MI IMT program: In this novel protocol, the physiotherapist set the inspiratory resistance device to 30% of the daily MIP for the first set of 20 breaths. In each set, resistance was increased by 10% of the daily MIP until a resistance equivalent to 60% of the MIP was achieved in the fourth set. Each set was interspersed with a 2-min pause to reconnect the patient to MV without parameter changes. This mixed regimen (both strength and endurance training have been inspired by the works of Bird et al. [27].

Measurements

The primary outcome was the change in strength between the randomisation day (D1) and successful extubation or Day 30, using MIP (cmH2O) based on the method of Caruso et al. [28]. A unidirectional expiratory valve attached to the ETT and an external pneumotachograph (Fluxmed GrH monitor; MBMED, Buenos Aires, AR, USA) were used. MIP was daily assessed before the first session.

The main secondary outcome was endurance using an incremental endurance test to obtain peak (Ppk; cmH2O) [29]. For this test, patients breathed through an IMT Threshold device beginning at 30% of the initial MIP and increasing by 10% every 2 min until the effort was no longer tolerable. The maximum pressure tolerated for 2 min by the patient constituted the Ppk. This incremental endurance test was expressed with Ppk time corresponding to the test duration from beginning to task failure. The patient’s tolerance limit was the same used for instability during IMT as described above. This test, similar to a training stimulus, was only performed in each group on the first day of inclusion, then weekly and immediately before extubation. We think that this test could help for the assessment of inspiratory muscles even if, to our knowledge, this is the first time this test has been used on ICU population.

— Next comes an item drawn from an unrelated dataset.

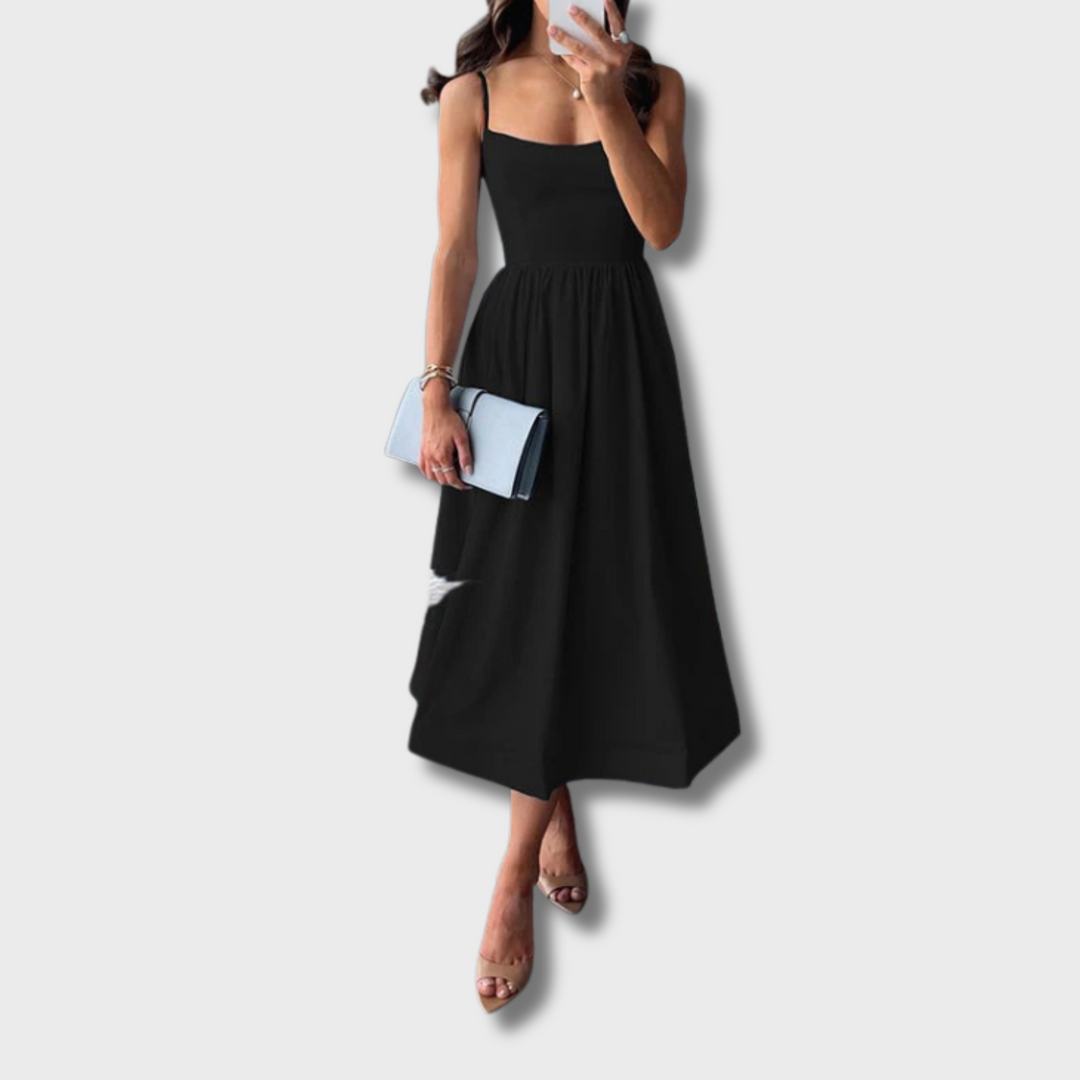 Nanta™ - Chic Strappy A-Line Midi Dress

Other secondary outcomes included MV duration (number of days between inclusion and successful extubation, with no reintubation for > 48 h), ICU length of stay (days), weaning success defined by a 2-day ventilator-free after extubation, reintubation rate, and safety (occurrence of adverse events related to the study, numbers of completed IMT sessions).

Statistical analysis

The primary analysis was conducted on an intent-to-treat basis, utilising the “last observation carried forward” (LOCF) strategy to replace missing data. In cases where MIP values were missing on Day 30 or successful extubation, the change in MIP between baseline and the last available follow-up value was used. If a participant experienced failed extubation on D30 with an end-of-study MIP measurement on the same day, the MIP value before extubation was used. Three patients who were tracheostomized before Day30 were considered in premature termination of monitoring and were treated using the LOCF strategy. The primary outcome was compared using a linear regression model adjusted for study centre (stratification variable), baseline MIP centred on the median, and both the presence of respiratory pathology at inclusion (defined as chronic obstructive pulmonary disease—COPD, asthma, chronic respiratory failure other than COPD, and neuromuscular disease), and length of MV before inclusion, which were regarded as a prognostic factor for extubation failure.

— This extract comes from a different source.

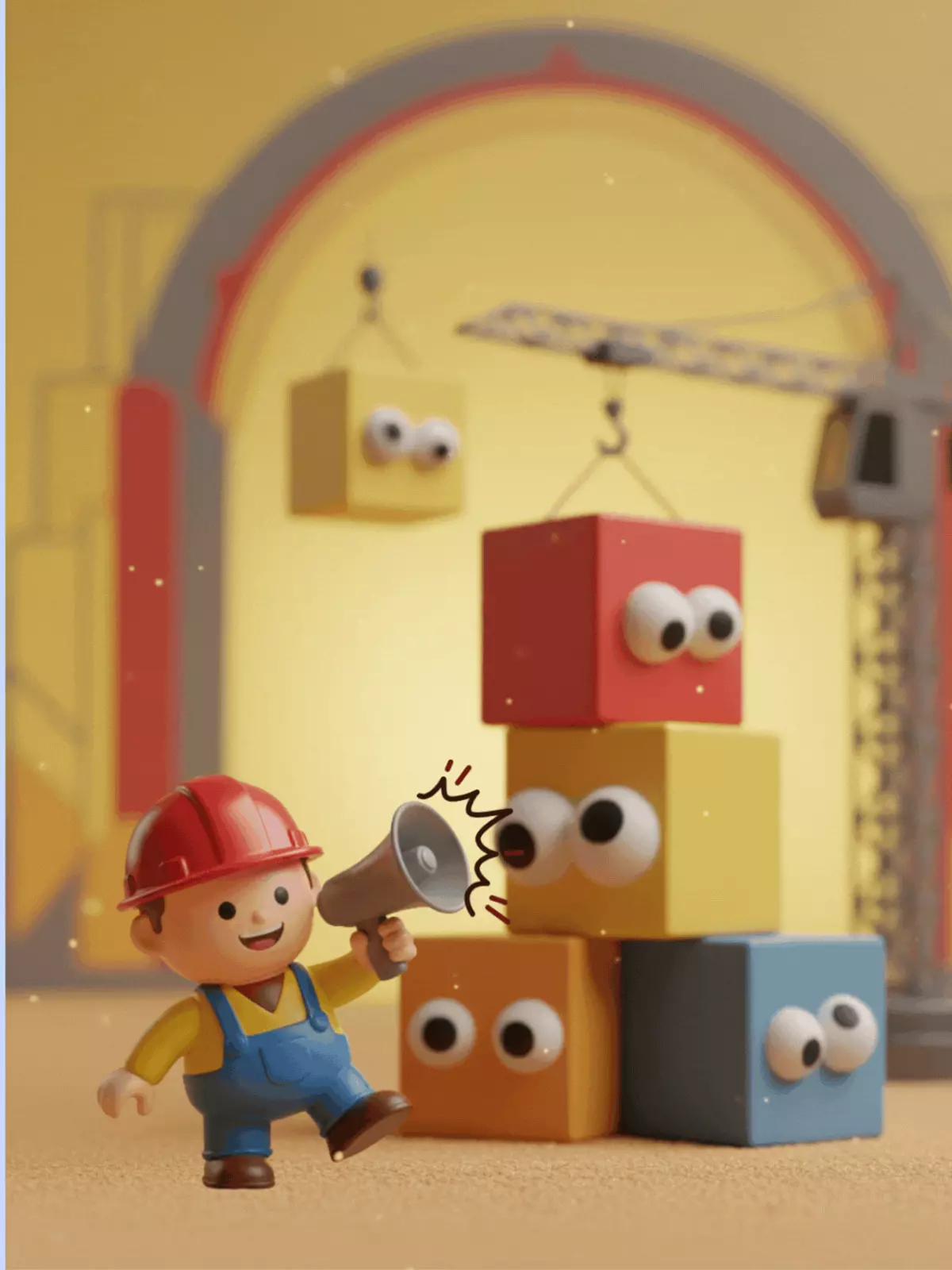 Humorous new baby card featuring a miniature construction worker directing baby blocks, construction site theme, funny and playful design.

The same analytical strategy (including LOCF) was used to compare Ppk between Day 1 and successful extubation or Day 30. One participant with a missing baseline Ppk value was excluded from these analyses. Analysis of the other secondary outcomes was performed on participants with available data for variables included in the regression models, without imputation of missing data (i.e. complete cases analyses).

The primary analysis was performed using a two-sided overall type I error rate of 5%, with a p value threshold of 2.5% for each of the two comparisons (MI vs. LI and MI vs HI). A hierarchical testing procedure was predefined in the statistical analysis plan where for any particular comparison, if the null hypothesis for the primary endpoint (MIP) was rejected, then a statistical comparison of the secondary endpoint (Ppk) was performed at the same two-sided alpha threshold of 2.5%. If the null hypothesis for the primary outcome was not rejected, no hypothesis testing regarding Ppk was performed for that comparison. No hypothesis testing was conducted for the remaining secondary outcomes. All statistical analyses were performed using SAS v.9.4 software (SAS Institute).